The code uses `Hydra <https://github.com/facebookresearch/hydra>`_ framework 
for composing configs and running the code. Let us say that we want to 
train multi-task SAC on MT10 (from MetaWorld). The command for that will
look like:

.. code-block:: bash

    PYTHONPATH=. python3 -u main.py \
    setup=metaworld \
    agent=state_sac \
    env=metaworld-mt10 \
    agent.multitask.num_envs=10 \
    agent.multitask.should_use_disentangled_alpha=True

Let us break this command piece by piece.

* 
  ``setup=metaworld`` says that we want to use a specific setup called ``metaworld``. 
  In multitask RL, different works/environments care about different setups.
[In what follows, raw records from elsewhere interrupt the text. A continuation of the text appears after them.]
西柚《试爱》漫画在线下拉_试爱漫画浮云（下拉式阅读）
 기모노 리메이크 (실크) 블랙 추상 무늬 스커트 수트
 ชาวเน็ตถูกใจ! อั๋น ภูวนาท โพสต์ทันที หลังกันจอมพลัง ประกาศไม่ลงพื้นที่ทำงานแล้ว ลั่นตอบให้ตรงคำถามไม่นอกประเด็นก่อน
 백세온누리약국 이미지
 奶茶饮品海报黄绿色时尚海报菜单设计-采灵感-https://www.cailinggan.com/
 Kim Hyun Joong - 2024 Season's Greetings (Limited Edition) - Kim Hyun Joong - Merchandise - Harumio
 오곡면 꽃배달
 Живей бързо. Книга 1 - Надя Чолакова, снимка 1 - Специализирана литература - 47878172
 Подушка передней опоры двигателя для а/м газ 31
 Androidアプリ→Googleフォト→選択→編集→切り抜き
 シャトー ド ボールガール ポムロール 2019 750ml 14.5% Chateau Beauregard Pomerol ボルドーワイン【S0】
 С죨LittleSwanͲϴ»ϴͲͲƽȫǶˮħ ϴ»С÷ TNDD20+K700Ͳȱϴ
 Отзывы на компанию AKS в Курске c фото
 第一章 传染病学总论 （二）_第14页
For 
  example, commonly multitask RL environments use episodic rewards as the metric 
  to optimize while MetaWorld  :cite:`2020metaworld` use ``success`` 
  as the key metric. Some multitask RL setups evaluate the agent on the same 
  set of environments that it was trained on while HiPBMDP :cite:`2020mtrl_as_a_hidden_block_mdp` 
  evalutes on three sets of unseen environments. We abstract away these details via 
  ``setup`` parameter. Supported values are listed `here <https://github.com/facebookresearch/mtrl/tree/master/config/setup>`_. 
  When a setup is selected, the corresponding `metrics config <https://github.com/facebookresearch/mtrl/tree/master/config/metrics>`_ is also loaded. By default, we also load optimizers and agent 
  components based on the ``setup`` value but this can be easily overided 
  (as described in the next step). We can easily add a new setup, by defining 
  a new config or updating the existing configs. For example, to add the 
  ``hipbdmp`` setup, we added a `metrics config <https://github.com/facebookresearch/mtrl/tree/master/config/metrics>`_ 
  and new `optimizer configs <https://github.com/facebookresearch/mtrl/tree/master/config/agent/optimizers>`_ 
  assuming the values should be different for the new setup. But we do not 
  change the `agent configs <https://github.com/facebookresearch/mtrl/tree/master/config/agent>`_
  as the agent implementation does not have to change with the setup, though 
  the user is free to update the agent configs as well.

* 
  ``agent=state_sac`` says that we want to train SAC using state observations.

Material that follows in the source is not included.